_About this exercise:_
Each line below must be reproduced exactly, though the pictures are to be dropped.

_Exercise data:_

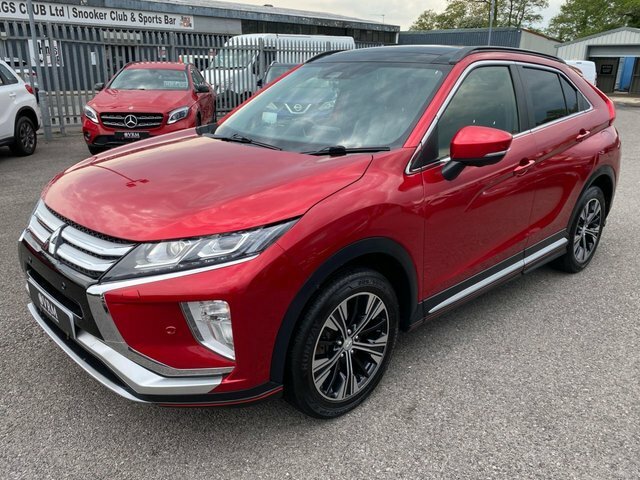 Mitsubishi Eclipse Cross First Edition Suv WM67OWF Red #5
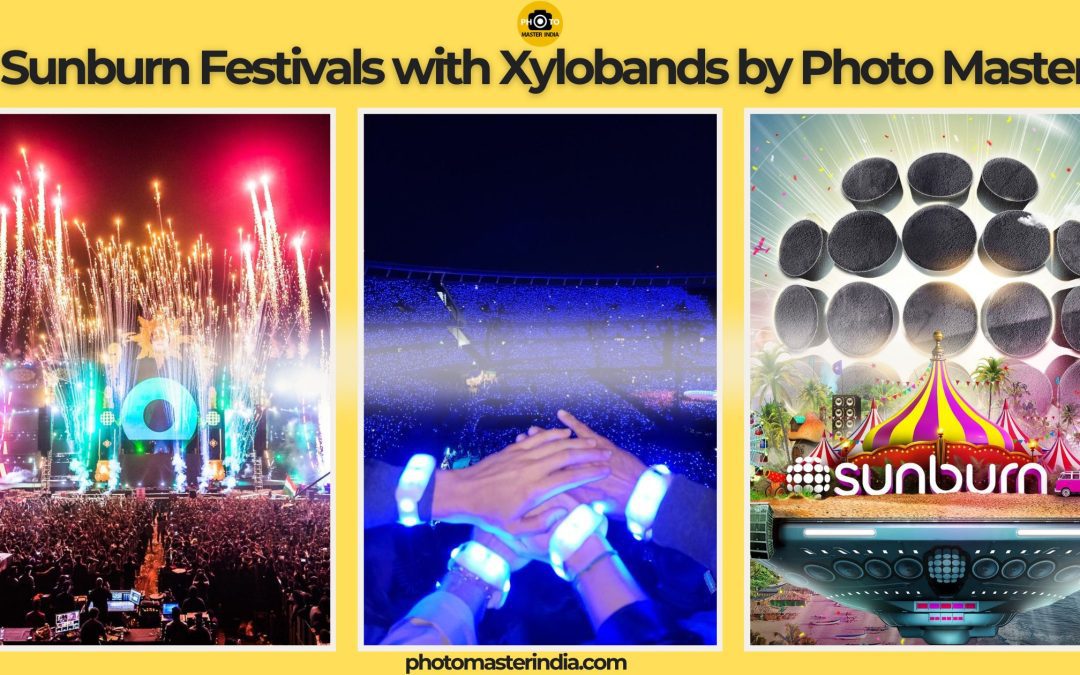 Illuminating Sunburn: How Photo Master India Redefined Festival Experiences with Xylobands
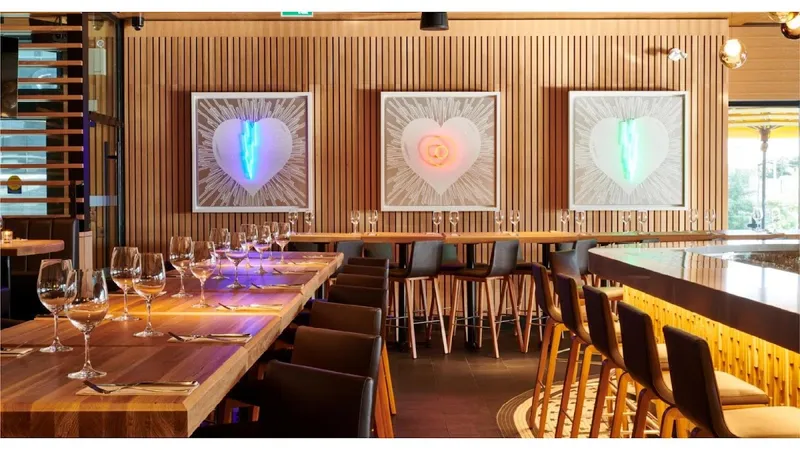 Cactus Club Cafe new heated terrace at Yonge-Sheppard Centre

_Written answer:_
 Mitsubishi Eclipse Cross First Edition Suv WM67OWF Red #5
 Illuminating Sunburn: How Photo Master India Redefined Festival Experiences with Xylobands
 Cactus Club Cafe new heated terrace at Yonge-Sheppard Centre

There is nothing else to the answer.